Enfin, le Front de gauche a fait face de manière unitaire à cette adversité. Nous ne nous vendons pas contre l’abandon d’un camarade qui a tant donné à la campagne. Sachez que Hugo Vandamme est un salarié qui retournera au boulot dès ce mercredi matin, lui, quand les barons solfériniens prendront sans doute quelques jours de repos bien mérités de préférence loin de Lille.

L’attitude méprisante des solfériniens de Lille montre leur vrai visage. Que nos électeurs du premier tour sachent bien que leur cynisme leur fait considérer ouvertement la présence du FN au second tour comme leur assurance-vie. Le PG ne cesse de dénoncer le FN comme le « diable de confort » du système, en voilà un exemple assumé. La présence du FN tient lieu de serre-file pour empêcher toute alternative à gauche d’exister face au PS, elle arrange bien les solfériniens : c’est le FN qui garde le système en bon ordre.
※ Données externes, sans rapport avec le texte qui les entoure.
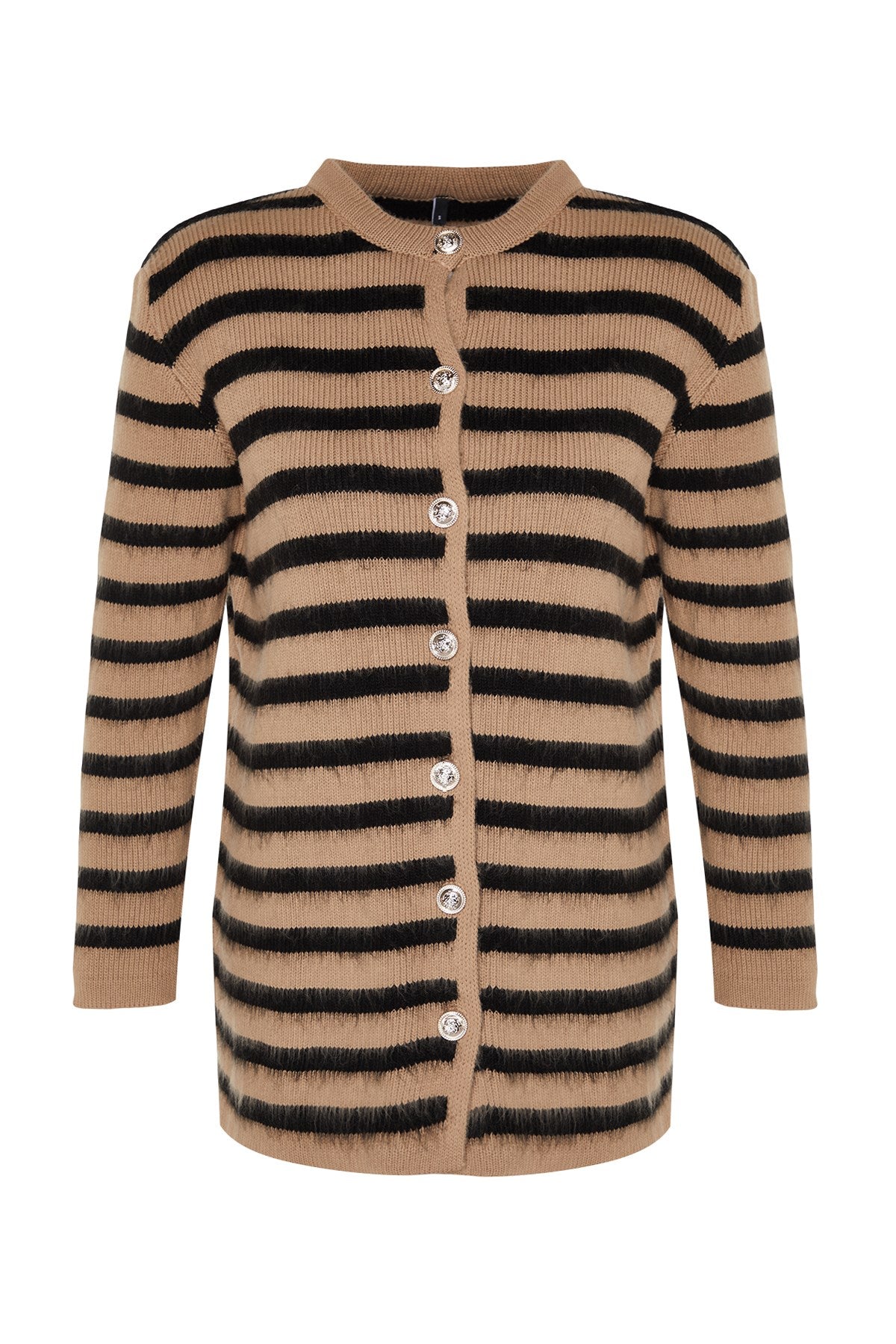 Ecru Navy Striped Gold Button Detailed Soft Textured Knitwear Cardigan Tctaw24th00046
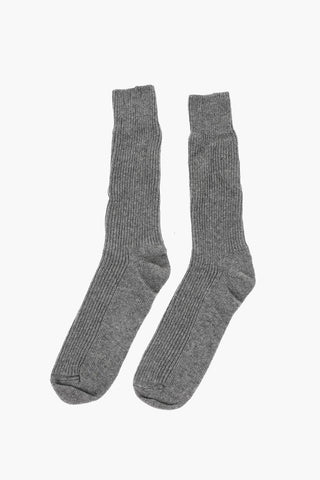 Solid Color Wool Blend Long Socks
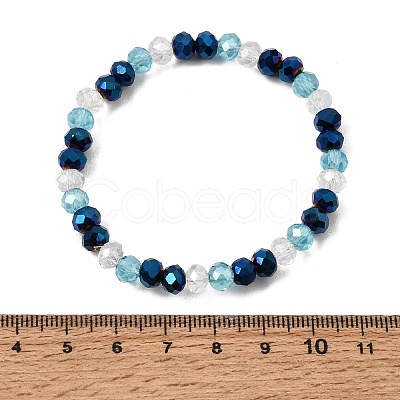 Electroplate Glass Beads Stretch Bracelet for Women BJEW-JB13170-1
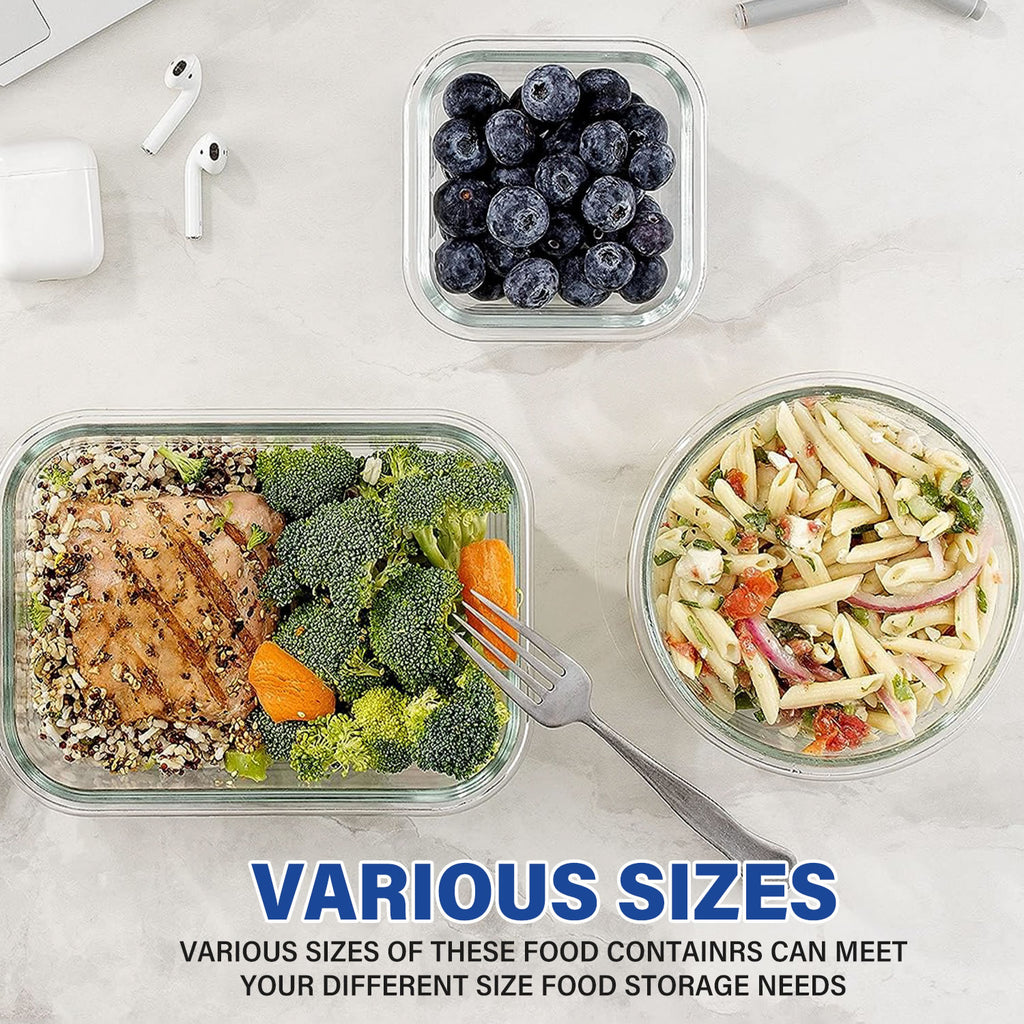 Stelive 12 PCS Glass Food Storage Containers with Lids Airtight Food Containers Leakproof Lunch box BPA Free Glass Container for Microwave, Freezer, Dishwasher Storage & Organisation, 310-1040ml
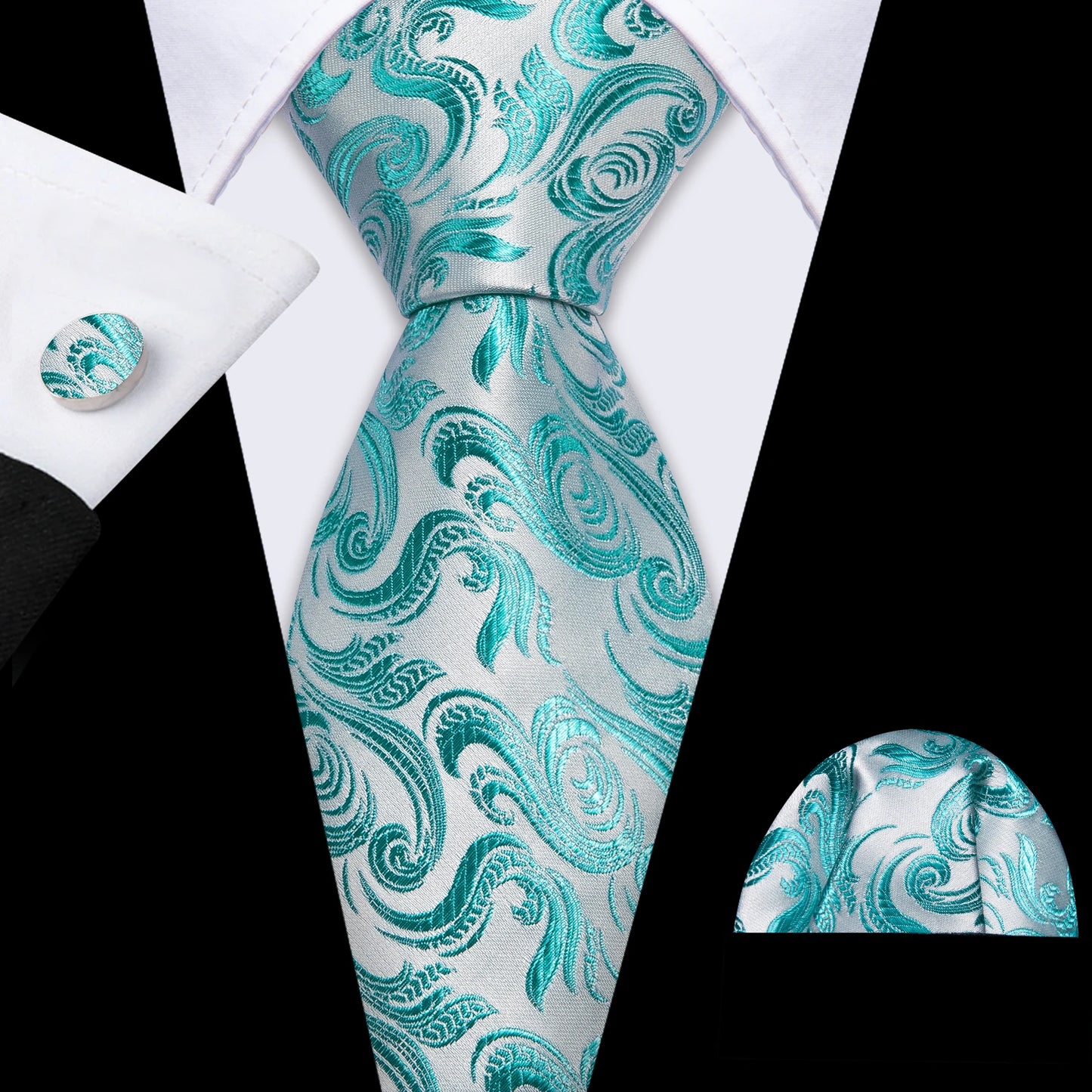 Fashion Silk Men Tie Green Teal Blue Solid Paisley Striped Plaid Floral Animal Necktie Handkerchief Cufflinks Set Barry. For Wedding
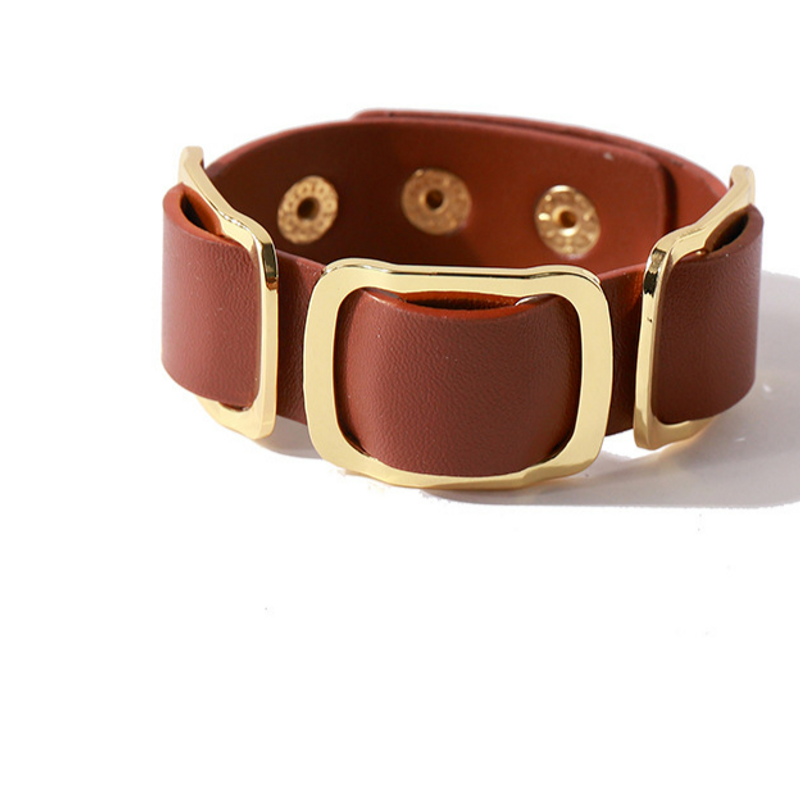 Designer Inspired Trendy Leather Belts Couple Bracelets Charm Bracelets Women Fashion Jewelry Accessories Best Gifts for Her Wedding Party Decoration_voghion.com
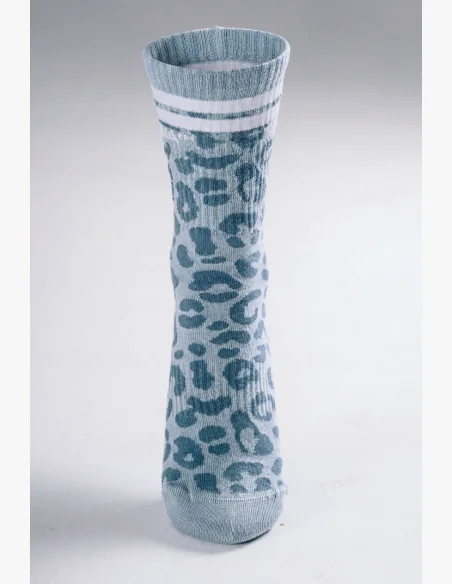 NEBBIA Crew socks with leopard pattern PRIMAL blue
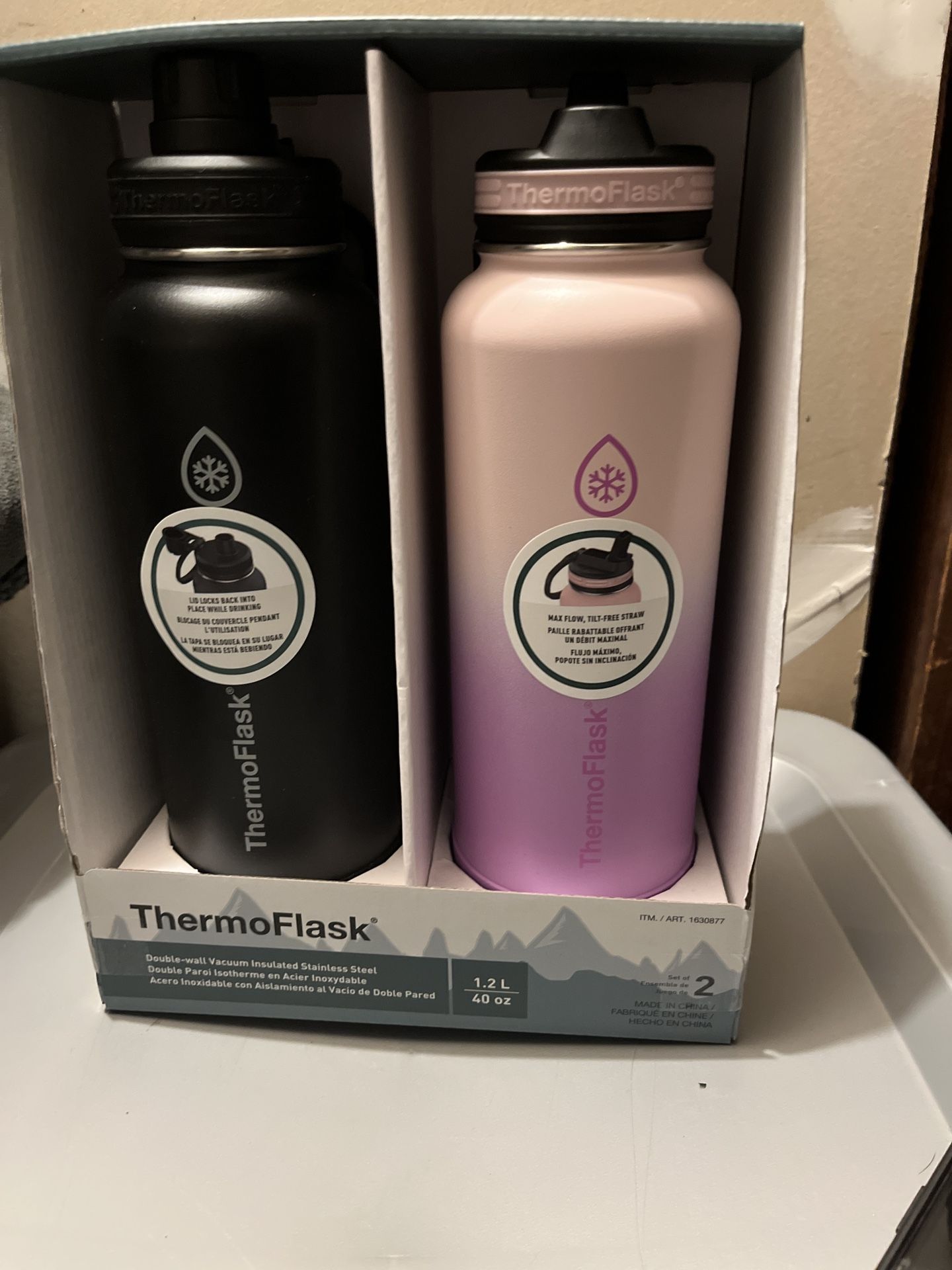 Thermoflask 40oz Stainless Steel Insulated Water Bottles with Straw and Spout Lids, 2-pack, Black/Rose Purple
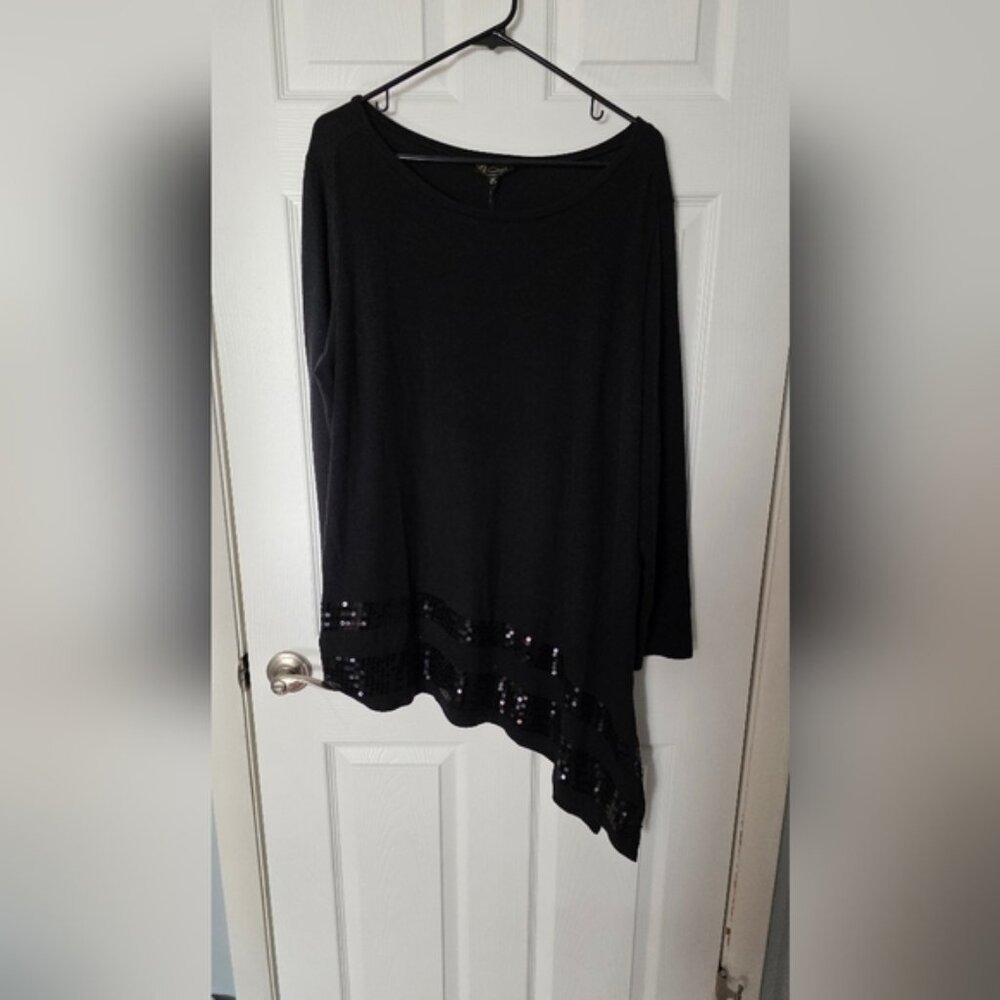 Black Asymmetrical Top with Sequin Detail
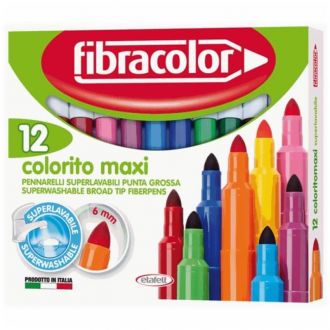 Fibracolor μαρκαδόροι ζωγραφικής Superwashable  χοντροί 12 χρώματα (10630SW012SC)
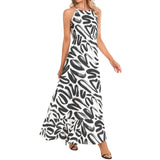 Luxe Soulstar B&W Brushstrokes Halter Neck Maxi Dress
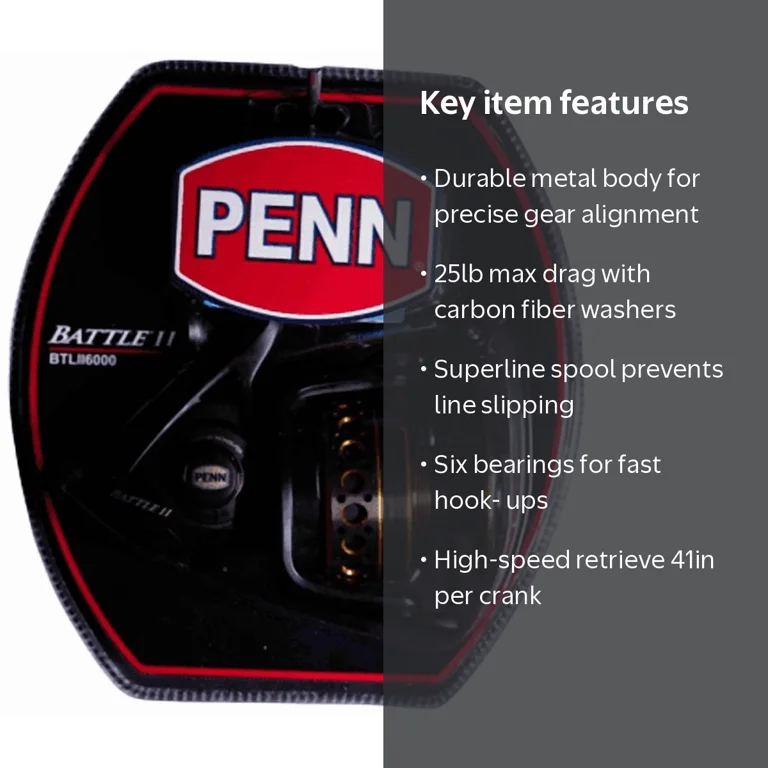 penn 6000 power graph ii spinning reel Fierce IV Reverse Balanced Rotor Penn Drag High-Performance Penn Battle IV 6000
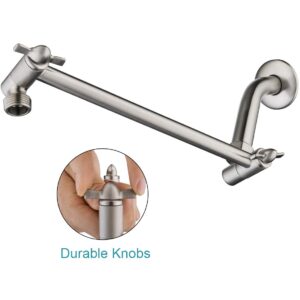 BRIGHT SHOWERS Shower Head Combo with Two Spray Settings Fixed Shower Head and Handheld Shower Head with Grey Face with 6 Inch Shower Arm and 10 Inch Shower Arm Extender, Brushed Nickel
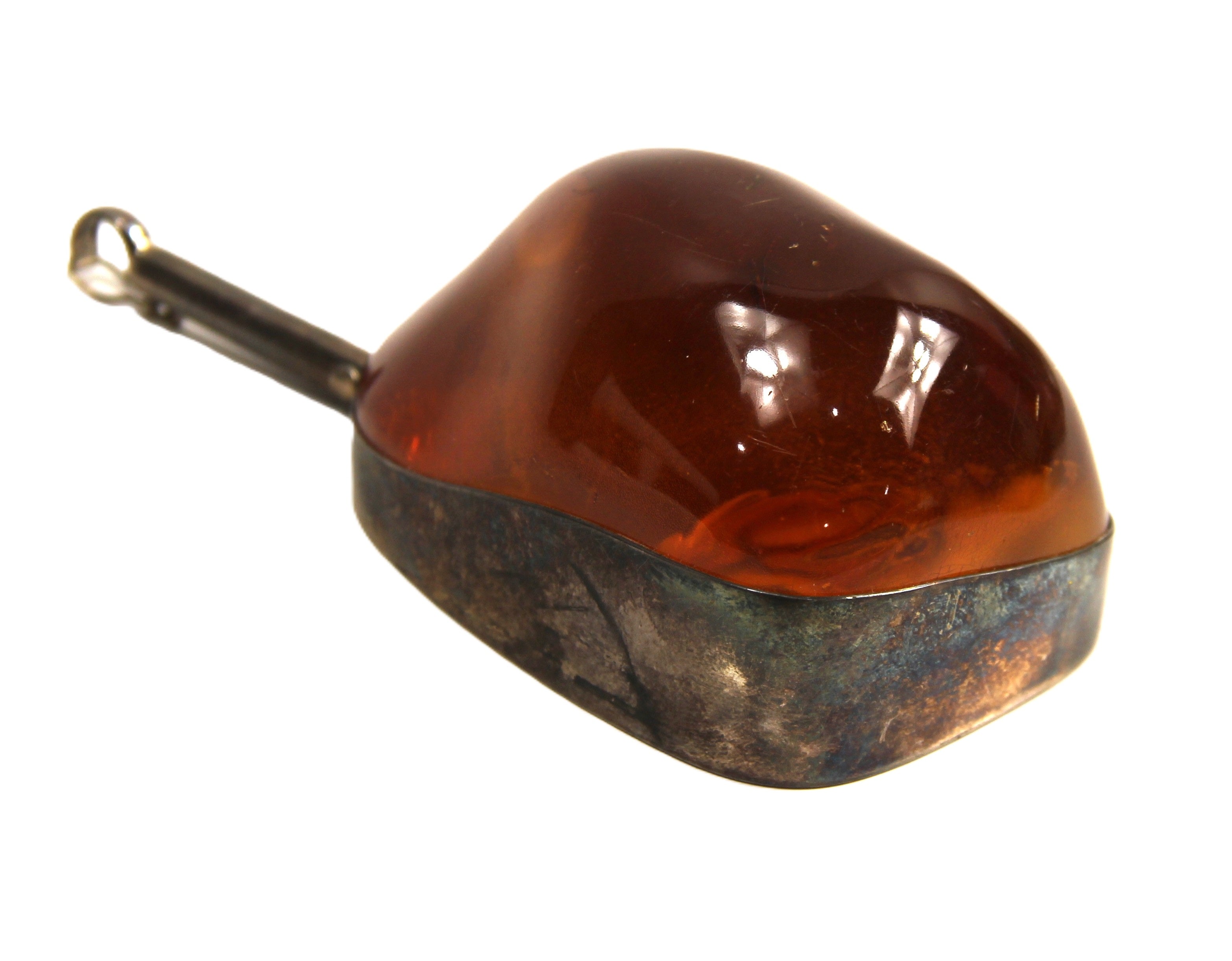 Huge Baltic Amber & sterling silver pendant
Que l’on se le dise : Martine Aubry n’est pas la femme de gauche, rassembleuse et respectueuse de la diversité dont elle cultive l’image. La majorité qu’elle souhaite donner à Lille doit être soumise et tant pis si elle est amputée d’un secteur trop en phase avec le mouvement social. Aucune voix dissonante n’est plus supportable à la Cour. C’est un signe parmi tant d’autres de la panique qui saisit le parti « socialiste » devant le réel agité qui lui échappe de plus en plus, un signe de plus de son ralliement aux hautes sphères dirigeantes pour qui l’intérêt général n’a plus de sens. Le signe final que le parti solférinien a largué les amarres d’avec les couches populaires.

Pour ma part, je répondrai dimanche prochain au choix impossible qui m’est proposé à Lille par un bulletin blanc : ni FN, ni UMP, ni solfériniens.